I took a train to the bayside suburb of Sandringham to walk by the sea. From the station it’s a short walk, past ‘The Sandy’ hotel, to the low sandstone cliffs that run along the beach. There’s an Art Deco rotunda here, which looks more square than rotund. According to an information board nearby, it was nearly demolished in the 1980s, but the mayor decreed that the rotunda was to Sandringham as the Eiffel Tower was to Paris, and so it was allowed to stay.
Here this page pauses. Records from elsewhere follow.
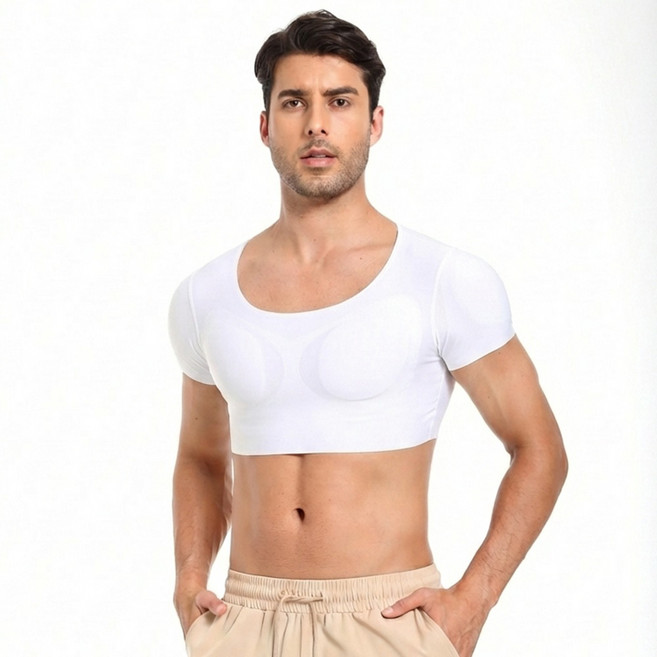 라온피플 몸짱 어깨 가슴 패드 보정속옷 크롭 티셔츠 머슬핏 이너 멸치탈출 이너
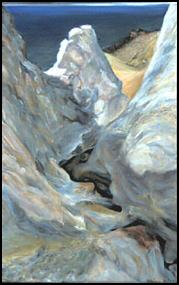 White Cliffs, oil on stretched paper, Gay Head, Martha's Vineyard.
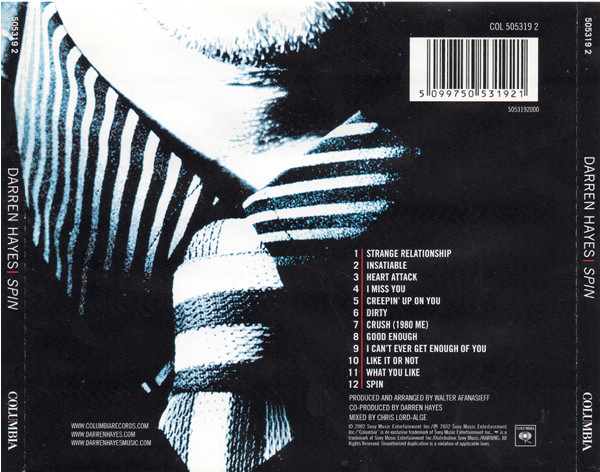 Darren Hayes - Spin - Used CD image 2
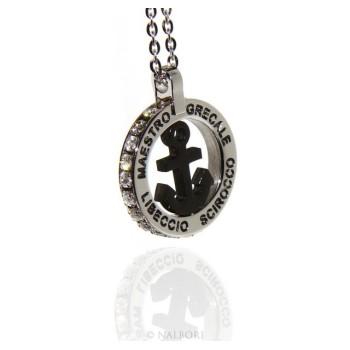 NSA|Steel: forzatina necklace with round pendant STILL and twenty black cubic zirconia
I start walking south but it’s difficult to get any kind of flow going. I’m drawn to the beach, but the sand is too soft, broken up by numerous other footprints, and it feels like hard going. And so I switch indecisively between the beach and the sandy paths that wind through low scrub along the clifftops. The paths are indecisive too, meandering in and out of parking areas and viewpoints, emerging onto the concrete cycling path that runs alongside the road, or veering back down to the beach. At one point, the cliff path is fenced off where it has fallen off the edge of an unstable cliff.
A little further on, I learn from a sign erected by the Department of Sustainability and Environment that the sands of Sandringham are migratory, moving southwards in winter and northwards in summer – the opposite direction from the birds. Fortunately the Department has caught onto this errant behaviour and is keeping the shifting sands under close surveillance.
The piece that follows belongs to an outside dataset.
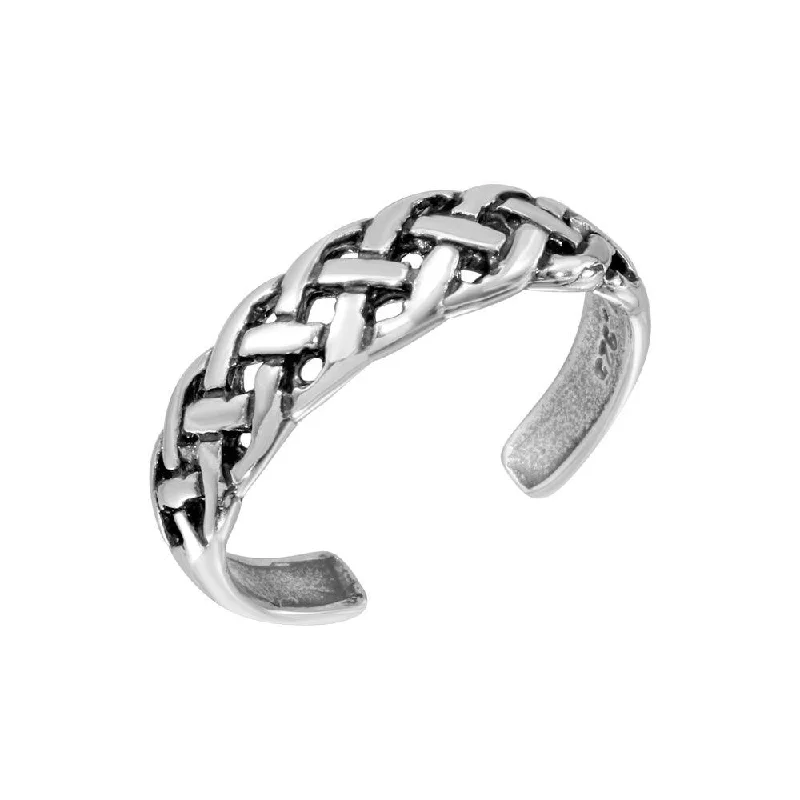 trendy gold rings for women -Silver 925 Braided Adjustable Toe Ring - TR293-A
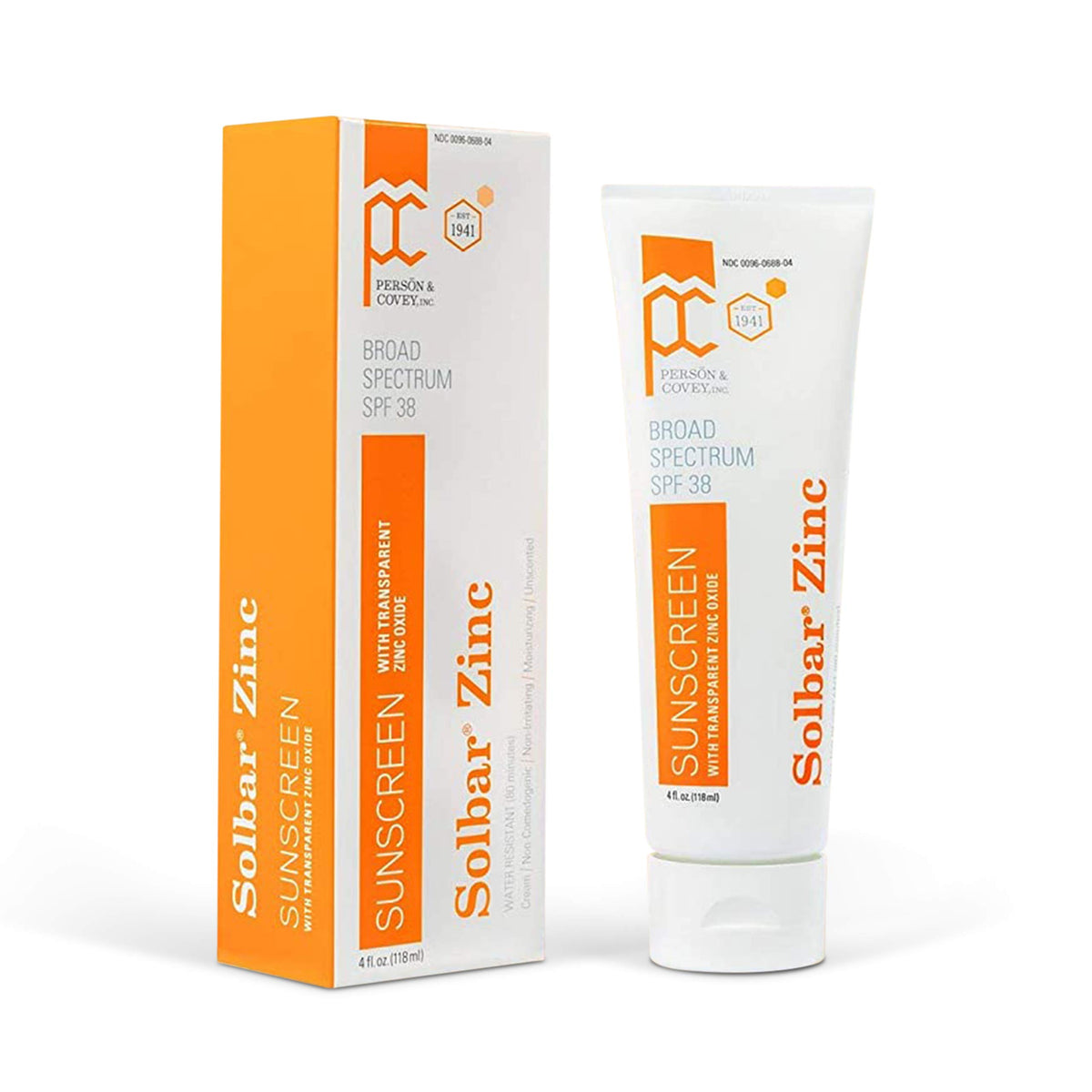 Solbar Sunscreen Zinc Unscented Transparent Cream Spf 38, 4 Oz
I keep dipping in and out of various trails set up by Bayside Council. There’s an ‘art trail’ with numerous interpretive panels showing landscapes of the area, painted in the late 19th and early 20th century, many of which were influenced by the impressionist Heidelberg school. The art trail compares the paintings with how the landscape is now. It most cases, it has changed significantly.
At a rocky outcrop called Red Bluff (much eroded since it was painted by Arthur Merric-Boyd in 1923), I stop to look at a sculpture which is part of the ‘Indigenous trail’. The sculpture shows a more dramatic landscape alteration, the Yarra River as it was in early Boon Wurrung history, when it flowed through land now covered by the waters of Port Philip Bay, 10,000 years ago.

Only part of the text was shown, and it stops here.